• **Directions**
Take the lines in the listing below from the line with "Modern Fully Furnished" up to and including the line with "FIAT-LINEA-1.8 ESSENCE 16V" and set them down exactly, skipping pictures and adding nothing.

• **Extracted information**
>>

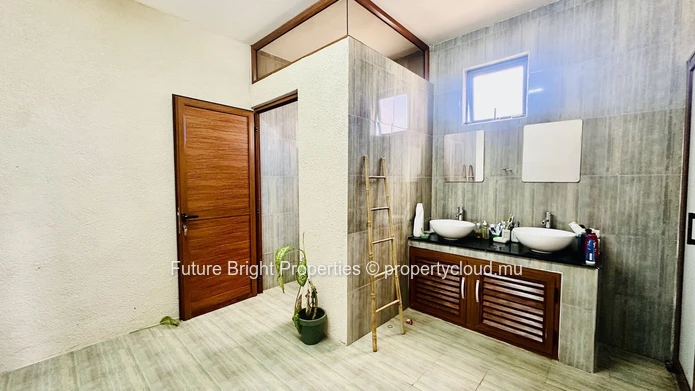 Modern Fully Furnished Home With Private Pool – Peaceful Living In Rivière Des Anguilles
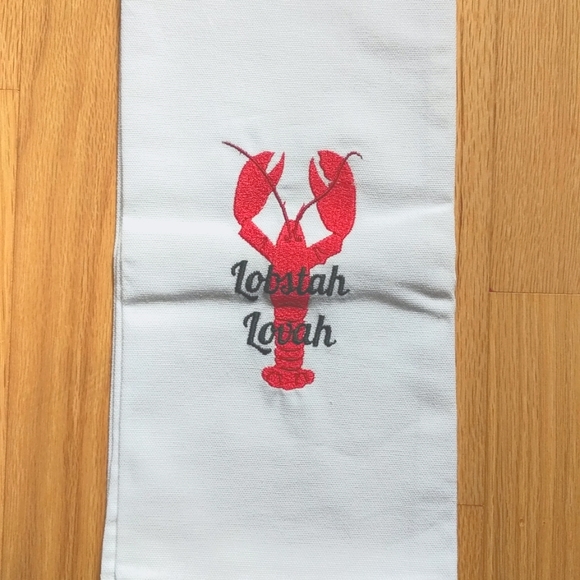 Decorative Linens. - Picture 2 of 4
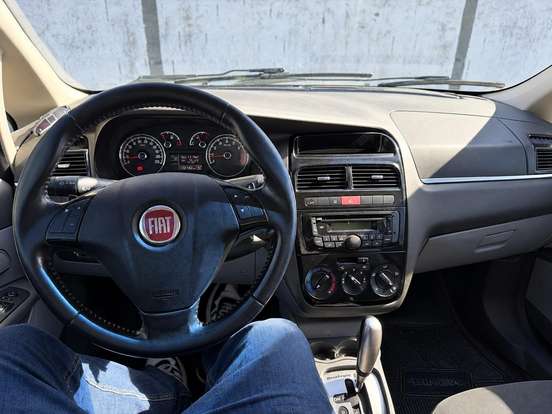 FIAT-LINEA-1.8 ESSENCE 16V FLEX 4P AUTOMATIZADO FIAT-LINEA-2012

<<
>>

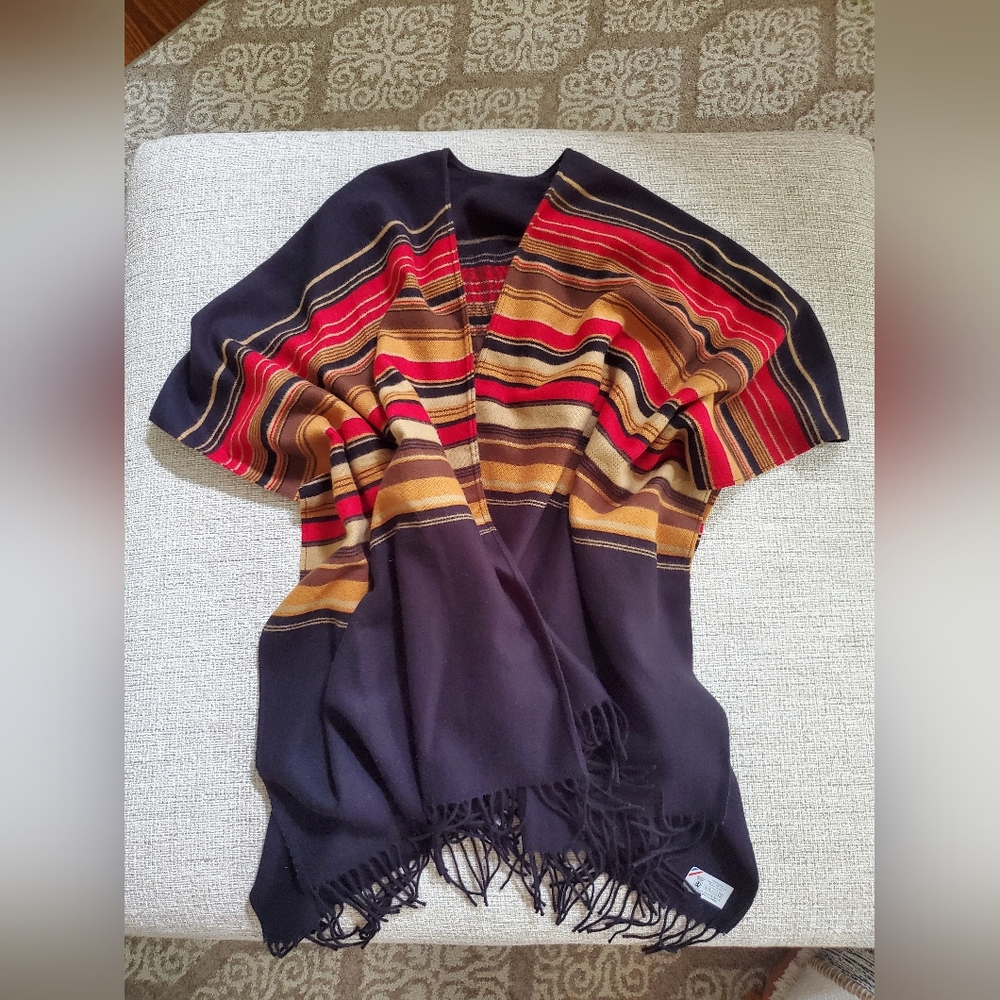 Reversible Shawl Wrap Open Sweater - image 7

<<

• **Response to the task**
 Modern Fully Furnished Home With Private Pool – Peaceful Living In Rivière Des Anguilles
 Decorative Linens. - Picture 2 of 4
 FIAT-LINEA-1.8 ESSENCE 16V FLEX 4P AUTOMATIZADO FIAT-LINEA-2012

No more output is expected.